Rozdział 11

1.2K 170 134
                                    

Rozdział 11

– Nie, nie i jeszcze raz nie. – Harry patrzył na swoją trzyletnią córkę, która tupała nóżką, że ona chce i koniec. – Nie, Sara. Nie pójdziesz do taty, bo tata pracuje nad czymś ważnym. Prosił, żeby mu nie przeszkadzać.

– Ale ja chcę! – pisnęła.

Harry westchnął. Taka właśnie była Sara. Uparta jak osioł i jak sobie coś wbiła do głowy, to wybicie jej tego graniczyło z cudem. A teraz koniecznie chciała iść do laboratorium i przeszkadzać swojemu ojcu w pracy, bo wymyśliła sobie, że to koniecznie z nim musi się pobawić.
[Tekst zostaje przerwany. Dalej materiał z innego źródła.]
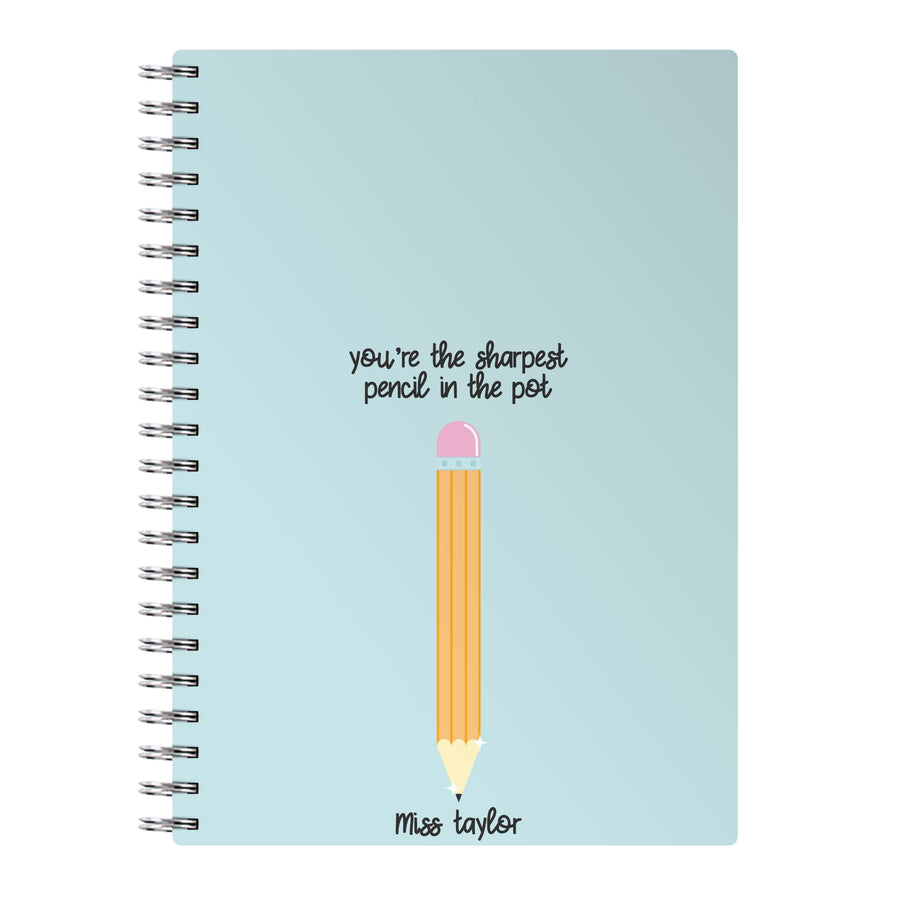 Sharpest Pencil In The Pot - Personalised Teachers Gift Notebook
– Posłuchaj mnie uważnie, bo powiem to tylko raz – powiedział, kucając przed nią. – Nie pójdziesz do laboratorium. Tata się wścieknie, jeśli to zrobisz. Pamiętasz, co się stało, gdy kiedyś poszłaś tam sama?

Sara nadęła policzki i nic nie powiedziała, ale po jej oczach Harry rozpoznał, że pamiętała. Kiedy zignorowała zakaz i poszła tam sama, gdy przez chwilę nikt na nią nie patrzył. Wspięła się na stół i zaczęła wrzucać do kociołka wszystko, co miała pod ręką, bo uznała to za świetną zabawę. To był cud, że nie doszło do tragedii. Severus wpadł tam w momencie, gdy zawartość kociołka zaczęła dymić. Do najgorszego nie doszło, ale to był jeden jedyny raz, gdy złamał swoje postanowienie i po prostu sprawił córce lanie. Mała oczywiście wyła potem przez pół dnia, ale jej rodzice byli nieugięci. Musiała się nauczyć, że jeśli dorośli mówią, że czegoś nie wolno, to mają powód.

Hayden zresztą wcale nie był lepszy i Harry zastanawiał się, po kim ich dzieci mają takie charaktery? Przecież nie po Fredzie i George'u, bo ci nawet nie wiedzieli o ich istnieniu. Harry nadal był bardzo dyskretny w kwestii potomstwa z różnych powodów. Gorzej, że Ron czasem przynosił dzieciom różne rzeczy ze sklepu braci, zapewniając, że są bezpieczne, ale to słowo nie szło w parze z ich bliźniakami. Jeśli chciały coś zwojować, to nic nie mogło ich powstrzymać i już nie raz przekonali się, że jedynym sposobem na utemperowanie ich są po prostu odpowiednie kary. Najlepiej działał zakaz oglądania bajek w telewizji. Oczywiście zaraz był wtedy taki wrzask, że gdyby mieli sąsiadów, to ci na pewno już dawno zawiadomiliby opiekę społeczną, że dzieciom dzieje się krzywda.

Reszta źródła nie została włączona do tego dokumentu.